= Blue Hills, Kansas City =

Neighborhood of Kansas City, Missouri, U.S.

Blue Hills is a neighborhood in Southeast Kansas City, Missouri bounded North by Swope Parkway, South by 63rd Street, East by Prospect Ave, and West by The Paseo. The ZIP code for this neighborhood is 64110 and 64130.

== History ==
Blue Hills was a working class white neighborhood until the 1960s when blockbusting caused many Caucasians to leave the neighborhood. Around the 1970s, the neighborhood was majority African American. The public schools that serve Blue Hills are Troost Elementary School, J. J. Pershing Elementary, Frances Willard Elementary, Southeast and Paseo High Schools.

=== The 1900s ===
Most of the homes in Blue Hills were built in the 1910s and 1920s.

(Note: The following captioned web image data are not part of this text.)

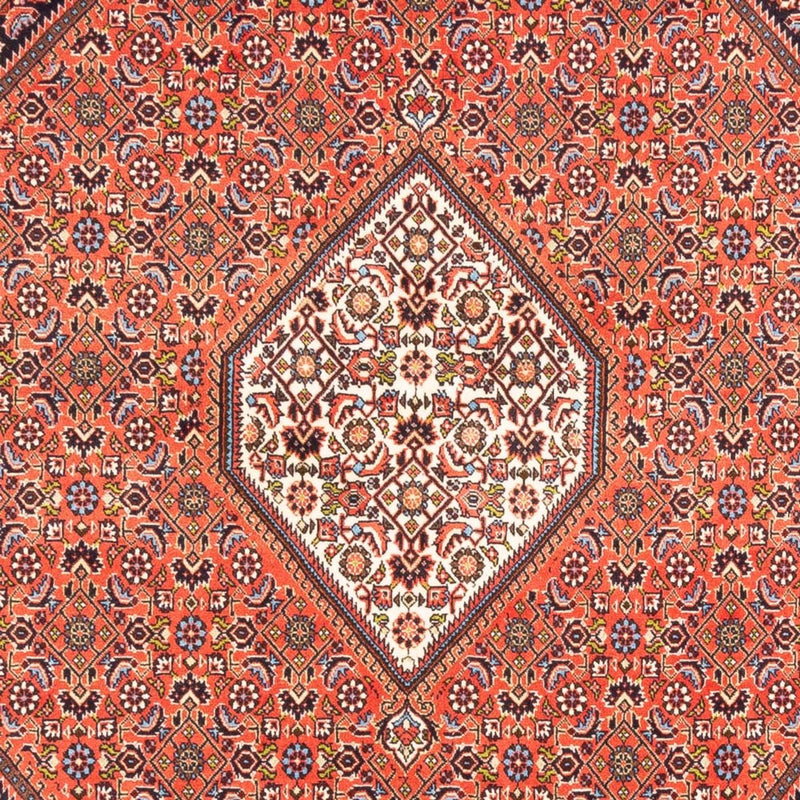 Persisk tæppe - Bijar - 240 x 173 cm - rød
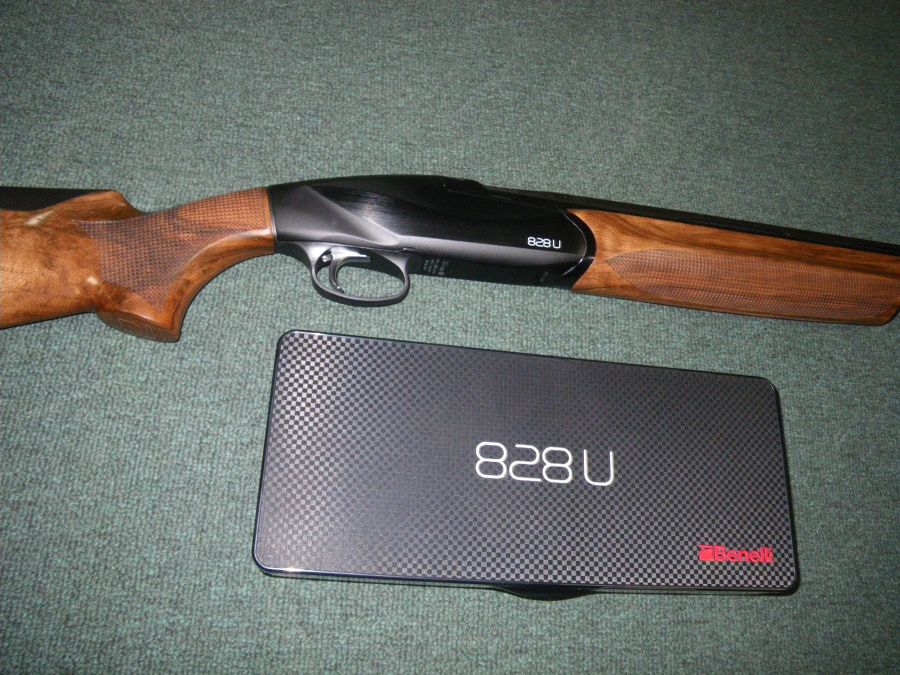 Benelli 828U Shotgun Anodized/Wood 12ga 26" NEW-img-1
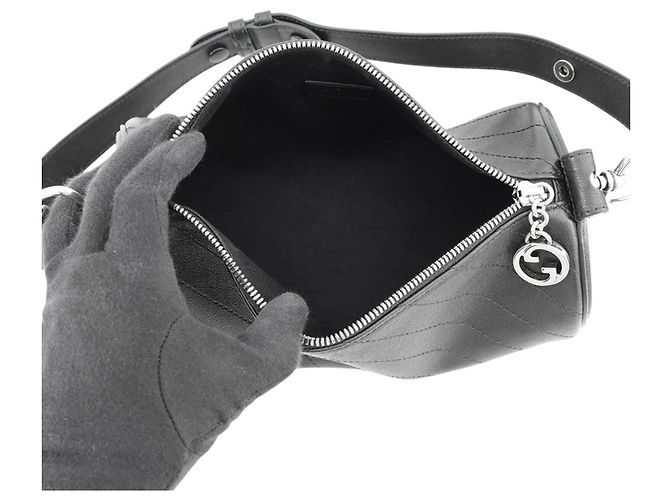 Borsa a tracolla piccola in pelle Gucci Blondie Nero - vista 5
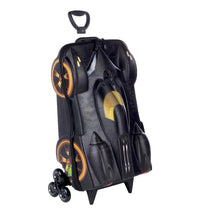 Mochila 3D Batman com 6 Rodinhas e Lancheira de Brinde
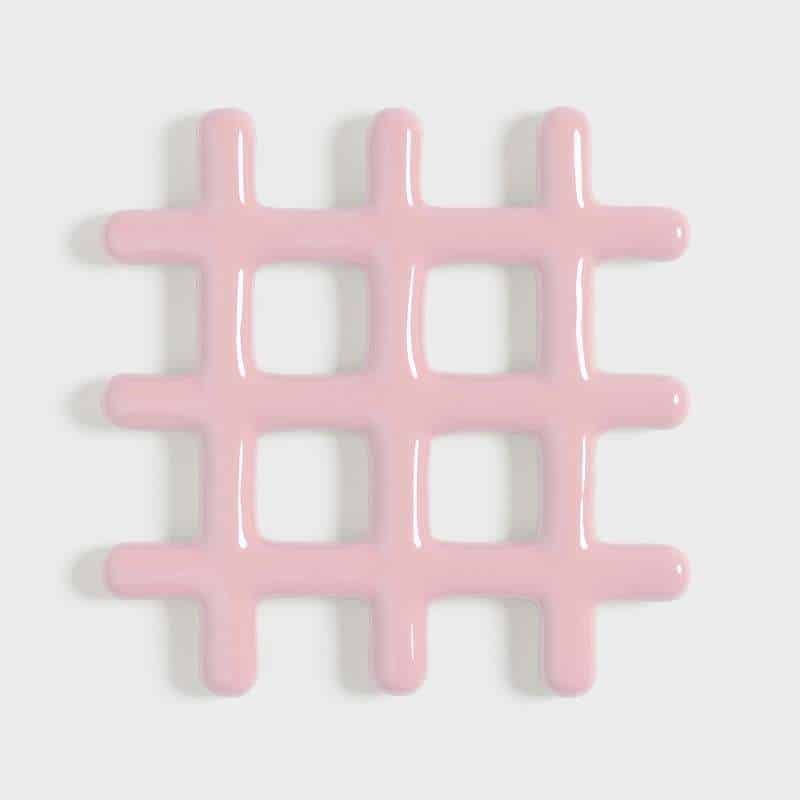 Pink Grid Trivet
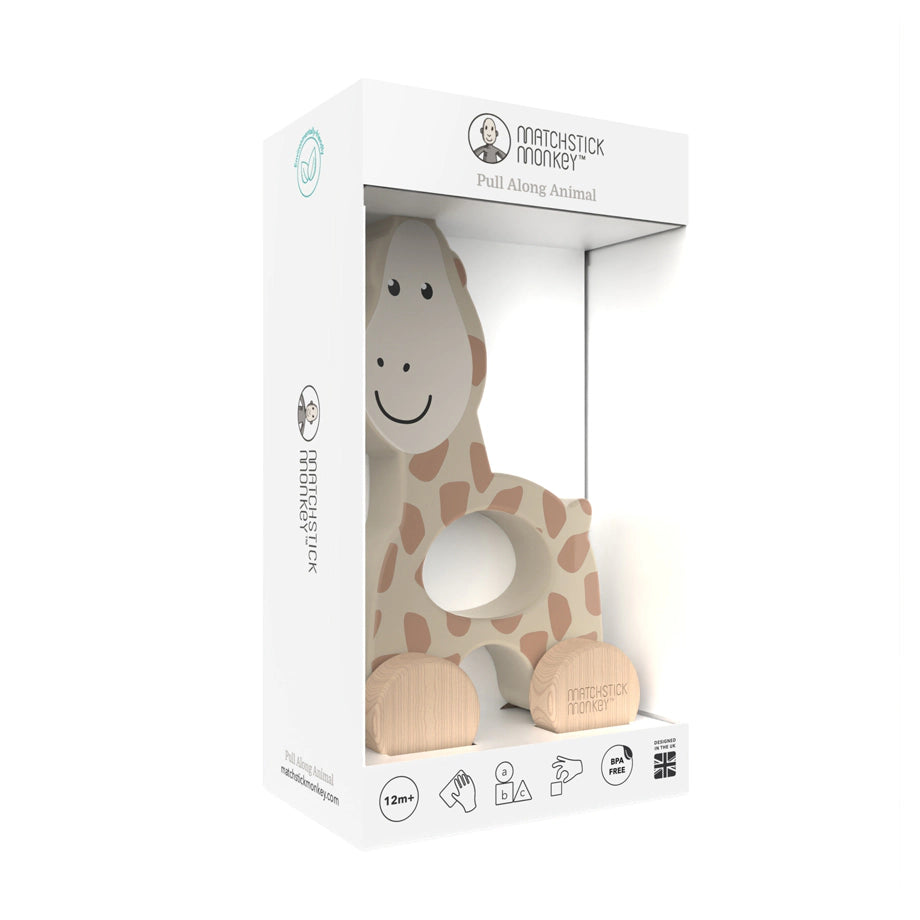 Matchstick Monkey Playtime Pull Along Toy Giraffe Matchstick Monkey Playtime Pull Along Toy Giraffe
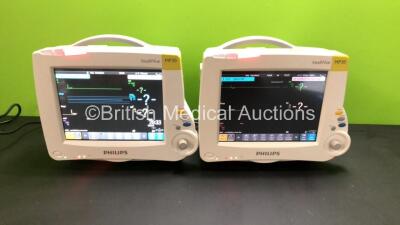 4 x Philips IntelliVue MP30 Patient Monitors *Mfds - 03/2011 and 12/2014* with 1 x Philips M3001A Opt: A01C06 Multiparameter Module with Press, Temp, NBP, SPO2 and ECG Resp Options *Mfd - 03/2015* and 1 x Philips M3001A Opt: A01C12C06 Multiparameter Modul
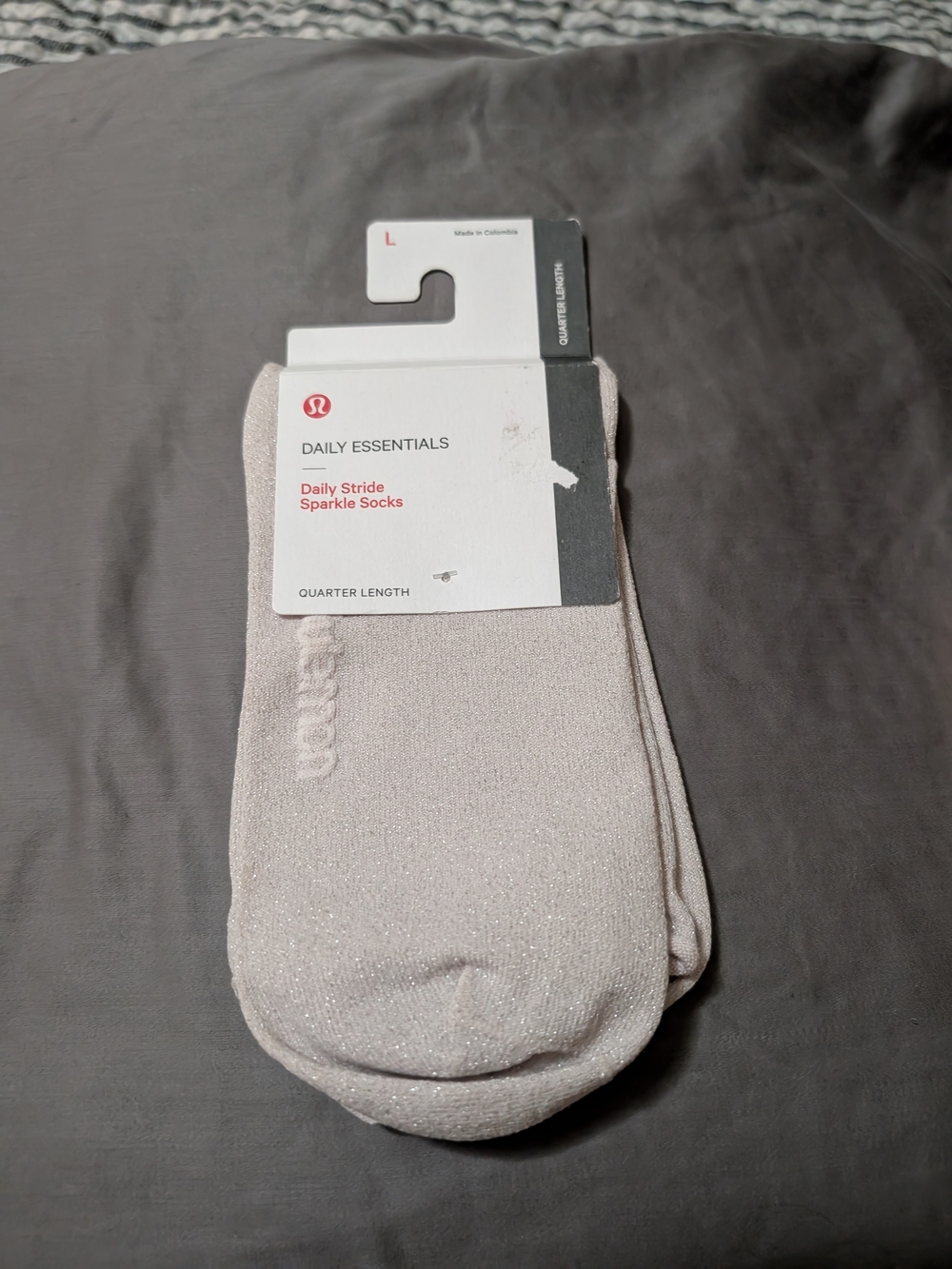 Lululemon Daily Essentials Sparkle Quarter Length Socks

From its early years until the 1960s nearly all of the residents of Blue Hills were white and most were working class, making it a working white neighborhood In the early 1960s, the racial composition of the neighborhood changed due to blockbusting, and in the 1970s more than 95% of Blue Hills residents were African-American.

=== The 2000s ===
During the 2008 financial crisis, Blue Hills was one of many American neighborhoods that suffered greatly from the housing crisis. Houses were boarded up, and African-Americans moved out. In 2021, it has mostly recovered, albeit with a few boarded houses left, due to young people moving in and fixing the old, boarded homes.